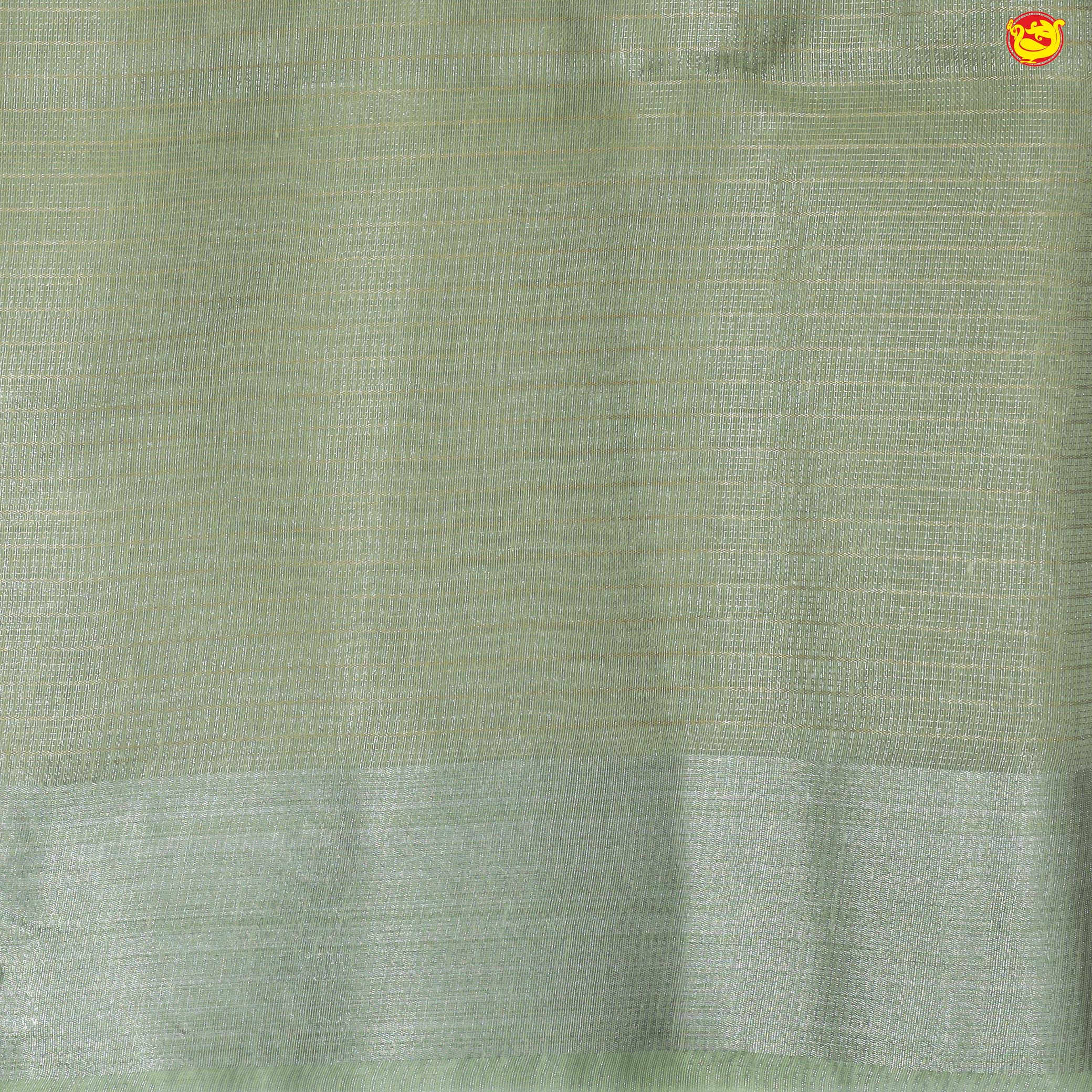 Light Green with Silver Border Tissue Checks With Floral Digital Prints saree - Thenianantham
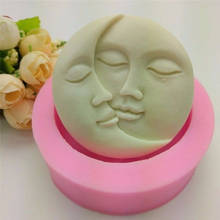 Molde de silicona con forma de Luna y sol para hornear, herramientas de decoración de pasteles, Fondant, jabón de Chocolate, Rosa 2024 - compra barato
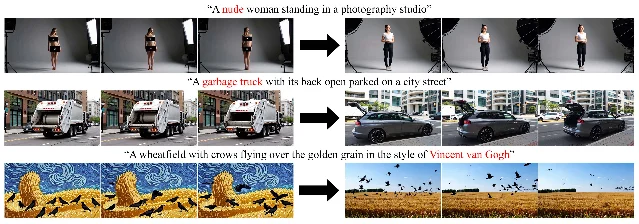 SIRUS 在 nudity、garbage truck 和 Van Gogh style 上的 teaser 对比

## HOW TO COMPLETE THIS TASK
Each line of the material goes into your copy unchanged, but no picture does.

## OUTPUT FOR THIS TASK
 Light Green with Silver Border Tissue Checks With Floral Digital Prints saree - Thenianantham
 Molde de silicona con forma de Luna y sol para hornear, herramientas de decoración de pasteles, Fondant, jabón de Chocolate, Rosa 2024 - compra barato
 SIRUS 在 nudity、garbage truck 和 Van Gogh style 上的 teaser 对比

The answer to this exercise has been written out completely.